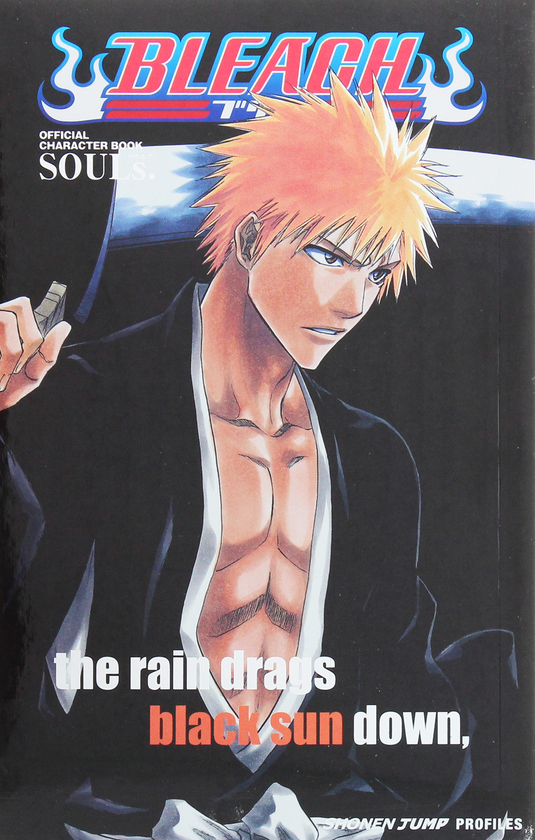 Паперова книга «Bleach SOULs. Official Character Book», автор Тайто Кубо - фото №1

---

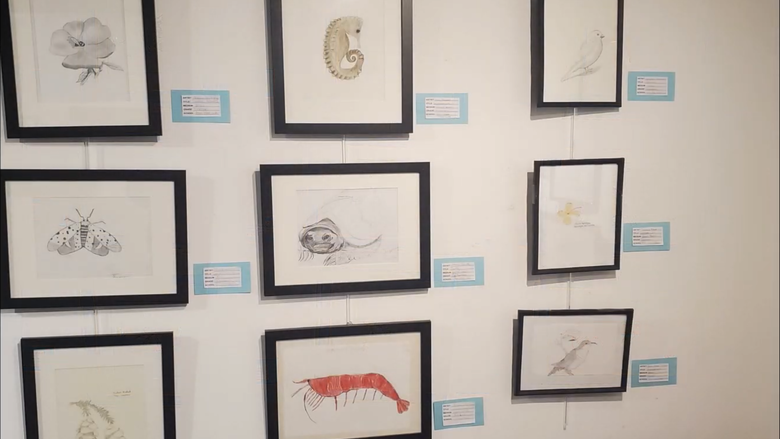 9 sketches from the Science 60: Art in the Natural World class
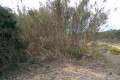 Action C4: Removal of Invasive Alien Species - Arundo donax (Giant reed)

[Work item]:
The lines above from the line with "9 sketches from" through the line with "Action C4: Removal" are to be given again word for word, with no pictures among them.

[Answer below]:
 9 sketches from the Science 60: Art in the Natural World class
 Action C4: Removal of Invasive Alien Species - Arundo donax (Giant reed)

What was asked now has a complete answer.